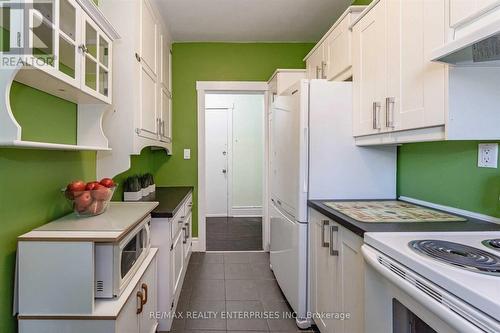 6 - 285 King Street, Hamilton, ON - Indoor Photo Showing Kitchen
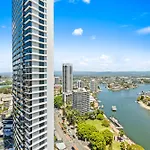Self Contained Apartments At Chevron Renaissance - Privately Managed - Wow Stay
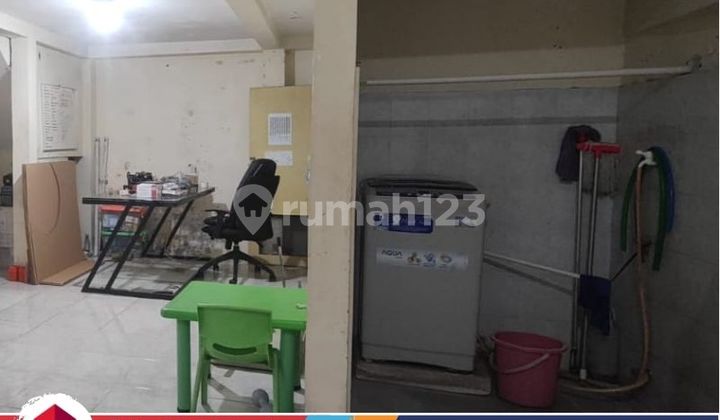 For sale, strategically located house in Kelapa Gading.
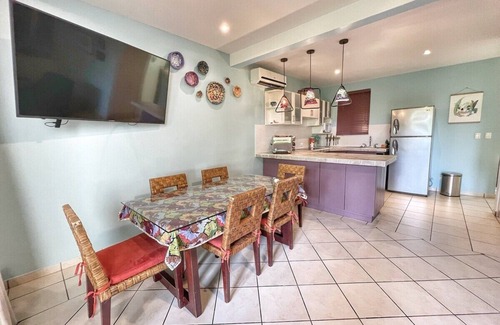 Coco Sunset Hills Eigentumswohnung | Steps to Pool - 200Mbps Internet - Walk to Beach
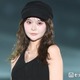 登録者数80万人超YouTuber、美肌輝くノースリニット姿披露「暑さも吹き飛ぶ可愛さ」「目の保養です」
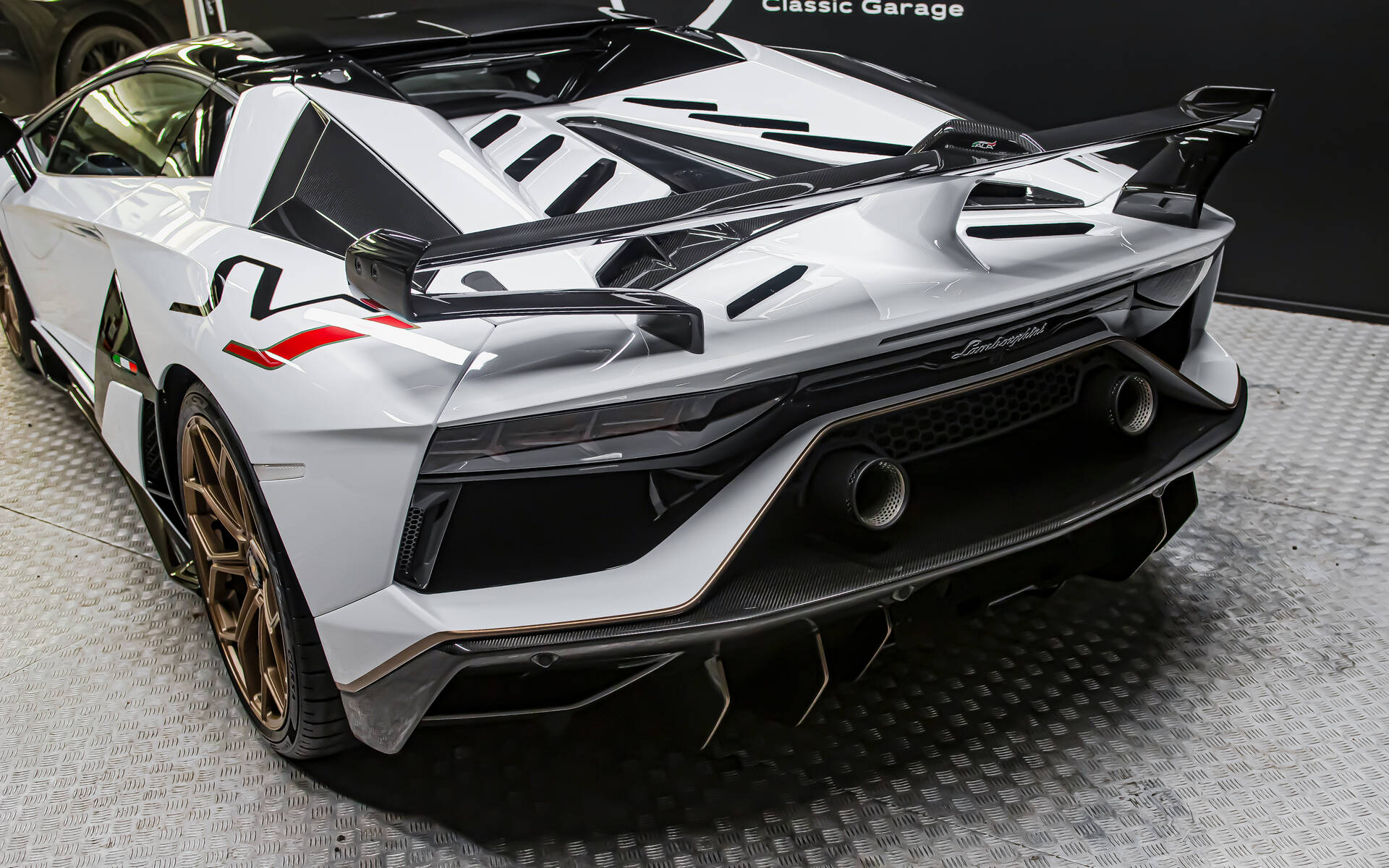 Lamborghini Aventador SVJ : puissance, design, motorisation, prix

────────────────────────────────────────

**Work to be completed**
Copy all the data exactly as written, but skip any picture.

**Answer area**
 6 - 285 King Street, Hamilton, ON - Indoor Photo Showing Kitchen
Self Contained Apartments At Chevron Renaissance - Privately Managed - Wow Stay
 For sale, strategically located house in Kelapa Gading.
 Coco Sunset Hills Eigentumswohnung | Steps to Pool - 200Mbps Internet - Walk to Beach
 登録者数80万人超YouTuber、美肌輝くノースリニット姿披露「暑さも吹き飛ぶ可愛さ」「目の保養です」
 Lamborghini Aventador SVJ : puissance, design, motorisation, prix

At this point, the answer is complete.